*Given material*:
○ ○ ○ ○ ○ ○ ○
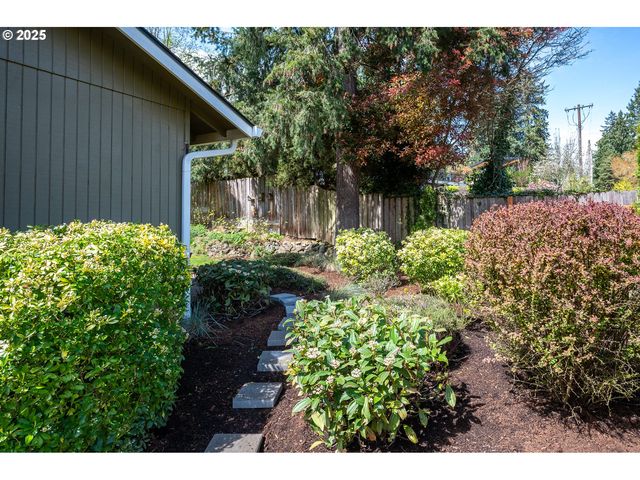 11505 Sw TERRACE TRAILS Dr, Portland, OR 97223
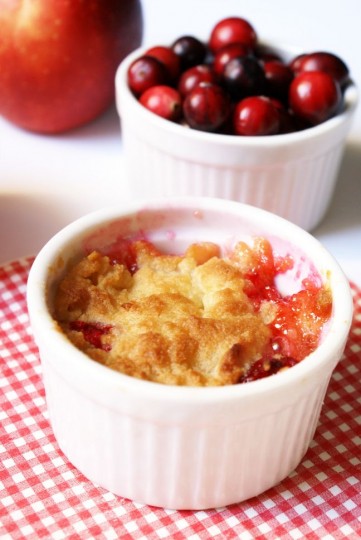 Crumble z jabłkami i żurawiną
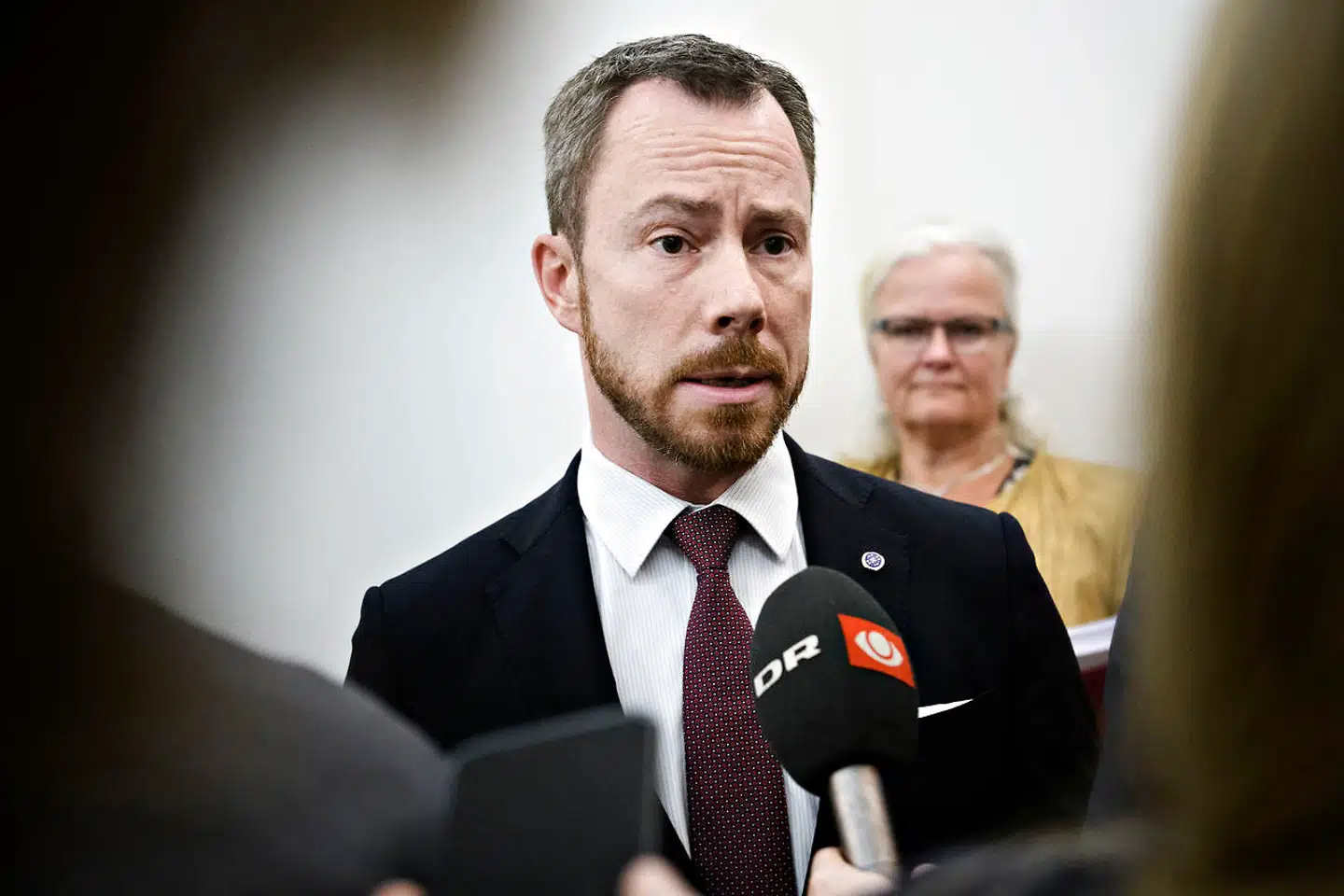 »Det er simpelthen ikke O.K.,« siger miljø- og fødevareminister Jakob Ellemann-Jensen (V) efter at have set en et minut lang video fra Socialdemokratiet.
○ ○ ○ ○ ○ ○ ○
*What you need to do*:
Reproduce the lines of the listing exactly, starting at the one that contains "Crumble z jabłkami i żurawiną" and continuing through the final line, but leave out the pictures.

*Result of the exercise*:
 Crumble z jabłkami i żurawiną
 »Det er simpelthen ikke O.K.,« siger miljø- og fødevareminister Jakob Ellemann-Jensen (V) efter at have set en et minut lang video fra Socialdemokratiet.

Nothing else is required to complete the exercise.